Figures & data
Figure 1. B. schlosseri anatomy, life cycle, and phylogeny. B. schlosseri reproduces both through sexual and asexual (budding) pathways, giving rise to virtually identical adult body plans. Upon settlement, the tadpole phase of the B. schlosseri lifecycle (a) will metamorphose into a founder individual (oozooid) (b), which through asexual budding, generates a colony. The colony includes three overlapping generations: an adult zooid, a primary bud, and a secondary bud, all of which are connected via a vascular network (bv) embedded within a gelatinous matrix (termed tunic). The common vasculature terminates in finger-like protrusions (ampullae; b–d). (c). Through budding, B. schlosseri generates its entire body, including digestive (ds) and respiratory (brs) systems, a simple tube-like heart (h), an endostyle (en) that harbors a stem cell niche, a primitive neural complex, and siphons used for feeding, waste, and releasing larvae (b–d). Each week, successive buds grow (d) and complete replication of all zooids in the colony, replacing the previous generation’s zooids, which die through a massive apoptosis. (e) A phylogenomic tree produced from the analysis of 521 nuclear genes (40,798 aligned amino acids) from 15 species, including B. schlosseri. Scale bar-1 mm.

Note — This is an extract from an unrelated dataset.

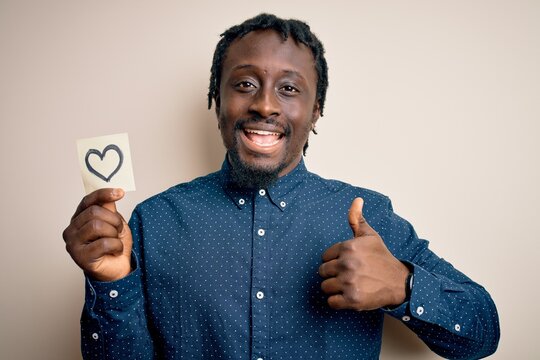 African american romantic man holding reminder with heart symbol over white background happy with big smile doing ok sign, thumb up with fingers, excellent sign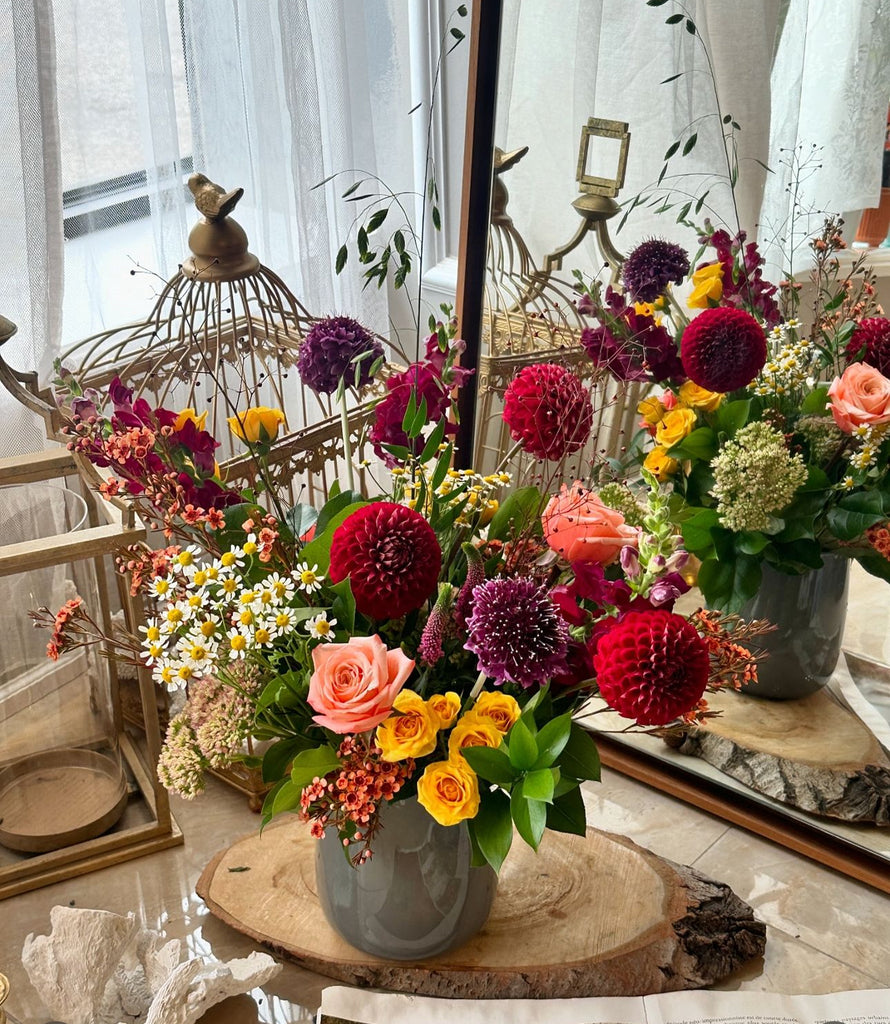 Fall Garden Wild Flower Arrangement by La Belle Fleur in a grey vase on a wood slab in front of a mirror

Source: DOI: 10.7554/eLife.00569.003.
Figure 2. Longevity of ramets subcloned from four representative colonies of B. schlosseri undergoing random mortality (a) and the 17 genets expressing synchronized mortality (b). The colony numbers are marked on the left margins of the lines. The original part of each colony is marked by a thick horizontal line; a subclone subcloned from the original part, by a thin line. When more than one subclone was subcloned on a given time, their longevities are marked by parallel horizontal lines. The right-hand end of the horizontal line represents the age at death of each subclone derived from a specific genet. Numbers above each colony represent the average +−SD of all subclones belonging to a specific genet. Levels of significance between the absolute deviation in mortalities of subclones from each genet, compared with the sample mean of the 41 parents genets, are *p < 0.05; **p < 0.01; ***p < 0.001; $, not significant (taken from Rinkevich et al. Citation1992). (c) Growth chart, as measured by zooid number of subclones from four different genotypes studied.